Work instruction: Leave every picture behind and copy the rest of the entries below exactly.

Information shown:
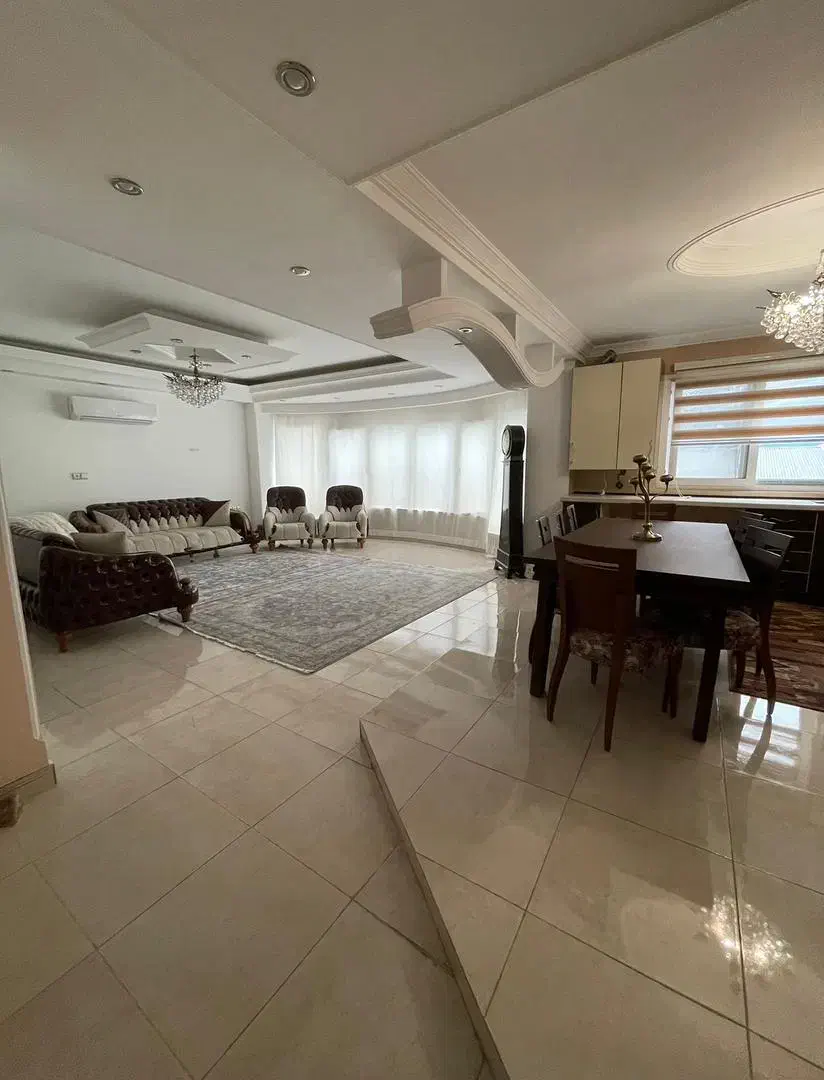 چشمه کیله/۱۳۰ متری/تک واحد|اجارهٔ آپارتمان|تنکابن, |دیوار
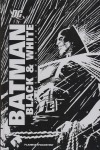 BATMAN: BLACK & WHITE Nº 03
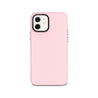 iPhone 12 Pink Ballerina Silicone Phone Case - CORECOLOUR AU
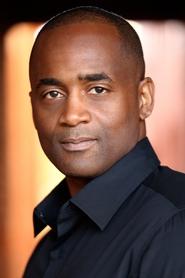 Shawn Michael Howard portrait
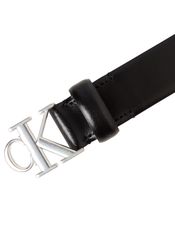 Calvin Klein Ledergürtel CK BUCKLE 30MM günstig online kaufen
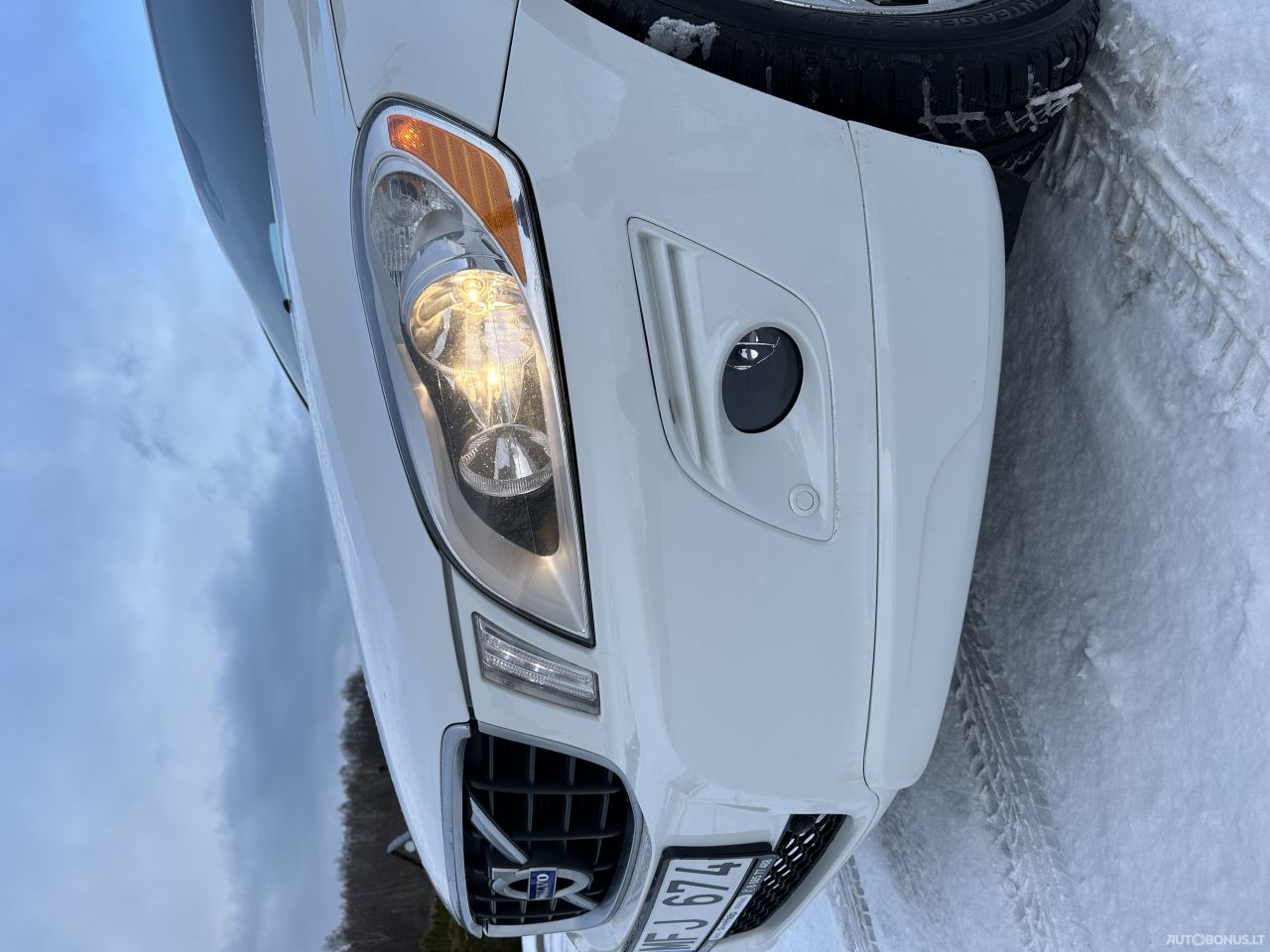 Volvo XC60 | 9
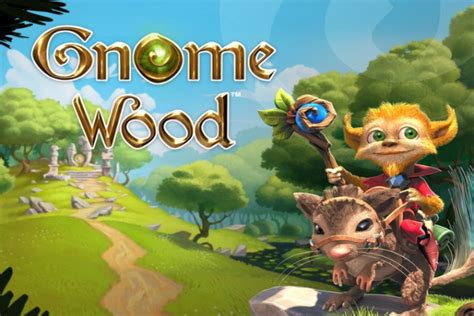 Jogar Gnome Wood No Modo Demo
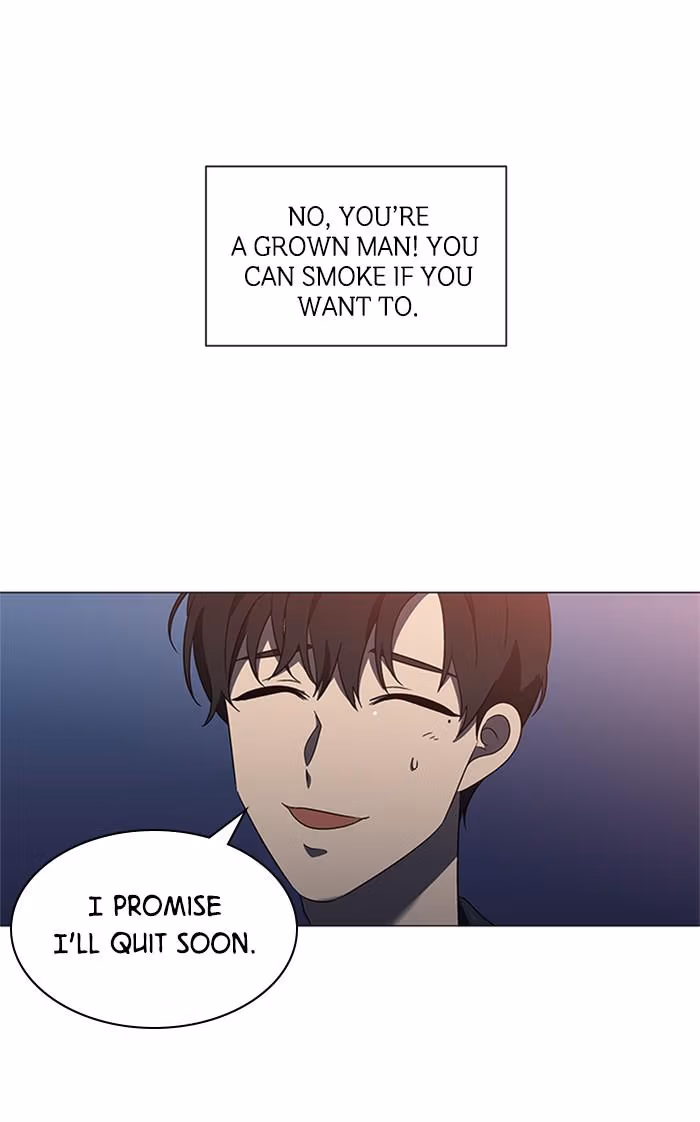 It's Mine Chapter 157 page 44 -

Result of this task:
 چشمه کیله/۱۳۰ متری/تک واحد|اجارهٔ آپارتمان|تنکابن, |دیوار
 BATMAN: BLACK & WHITE Nº 03
 iPhone 12 Pink Ballerina Silicone Phone Case - CORECOLOUR AU
 Shawn Michael Howard portrait
 Calvin Klein Ledergürtel CK BUCKLE 30MM günstig online kaufen
 Volvo XC60 | 9
 Jogar Gnome Wood No Modo Demo
 It's Mine Chapter 157 page 44 -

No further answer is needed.